| About this exercise |
These records contain pictures, which must be left out; copy exactly the lines from the one with "Выращивают ли устрицы" up to and including the one with "Crabs on the shore".
Data records Block Start
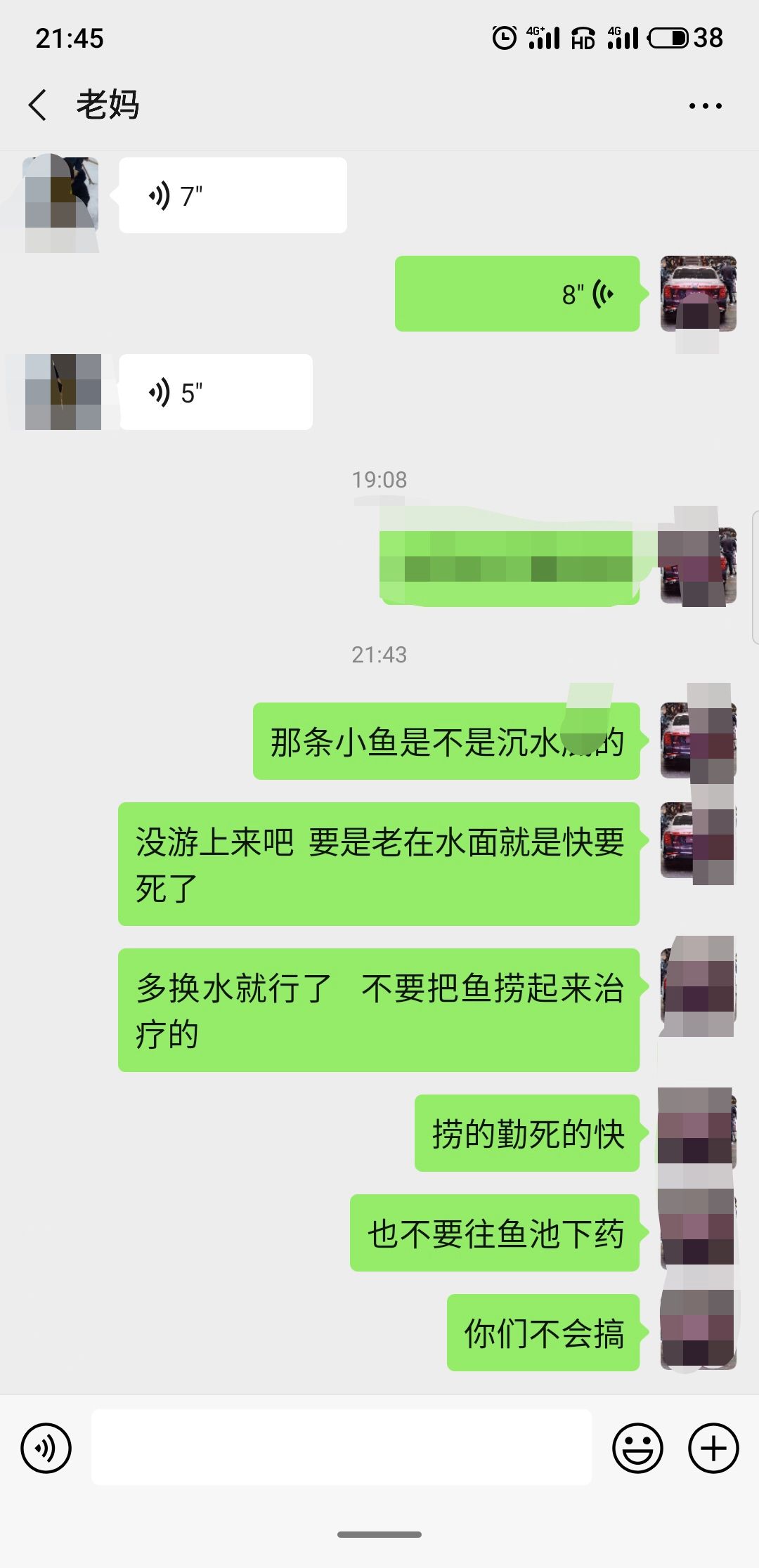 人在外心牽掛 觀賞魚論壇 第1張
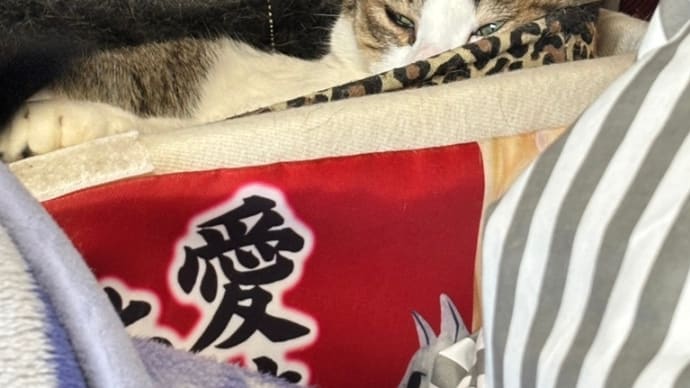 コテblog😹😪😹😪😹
Data records Block End
Data records Block Start
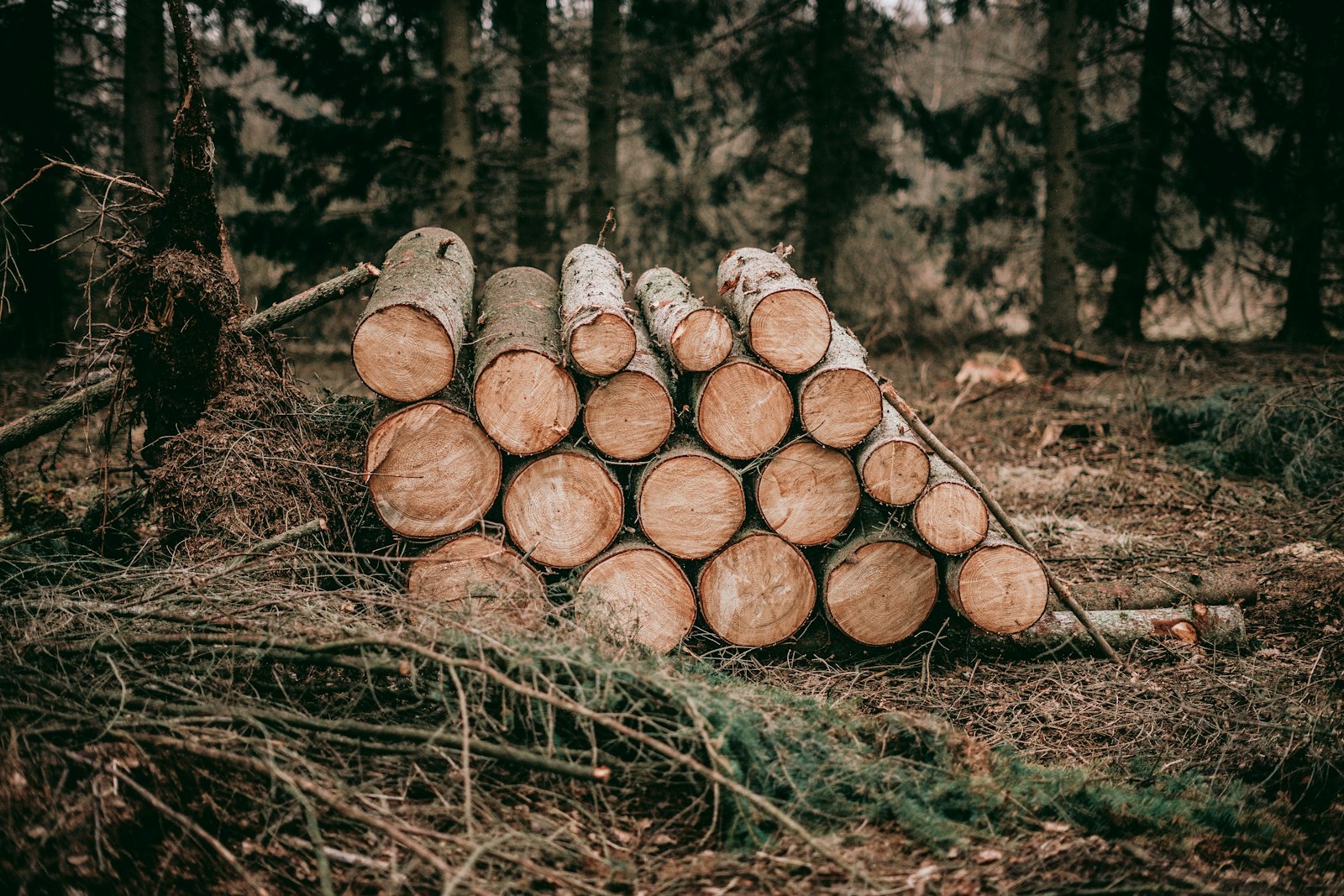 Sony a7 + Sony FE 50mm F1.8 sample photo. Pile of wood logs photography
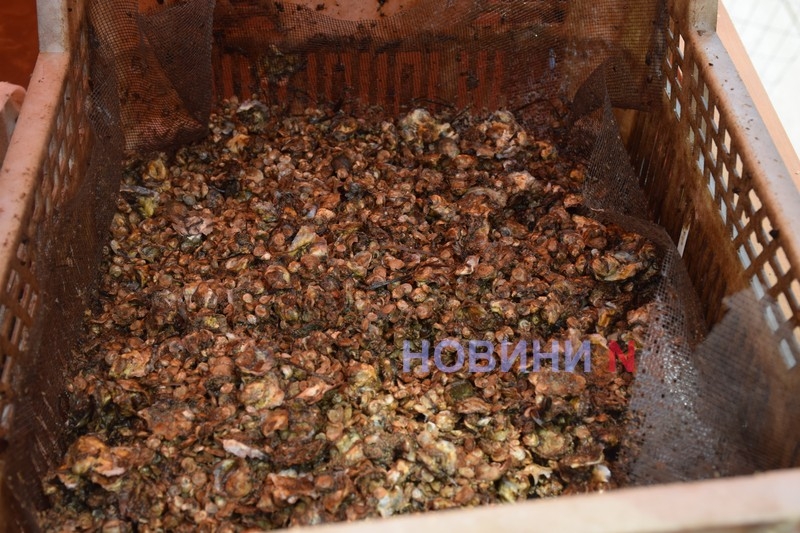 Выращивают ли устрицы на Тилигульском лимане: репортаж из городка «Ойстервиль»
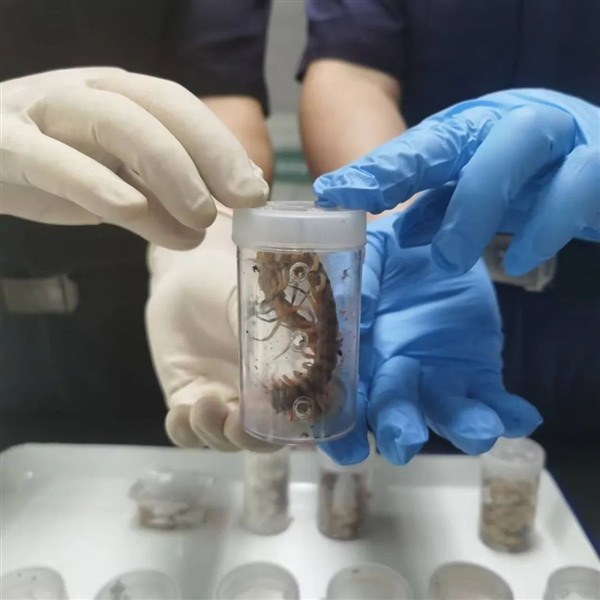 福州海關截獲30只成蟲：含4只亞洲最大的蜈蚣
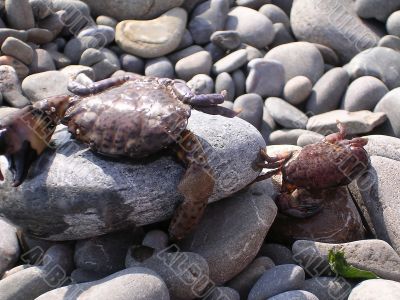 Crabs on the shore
Data records Block End
Data records Block Start
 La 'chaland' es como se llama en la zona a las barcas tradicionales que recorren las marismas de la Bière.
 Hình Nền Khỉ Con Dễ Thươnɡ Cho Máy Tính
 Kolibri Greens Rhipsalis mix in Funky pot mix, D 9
Data records Block End
| Response box |
 Выращивают ли устрицы на Тилигульском лимане: репортаж из городка «Ойстервиль»
 福州海關截獲30只成蟲：含4只亞洲最大的蜈蚣
 Crabs on the shore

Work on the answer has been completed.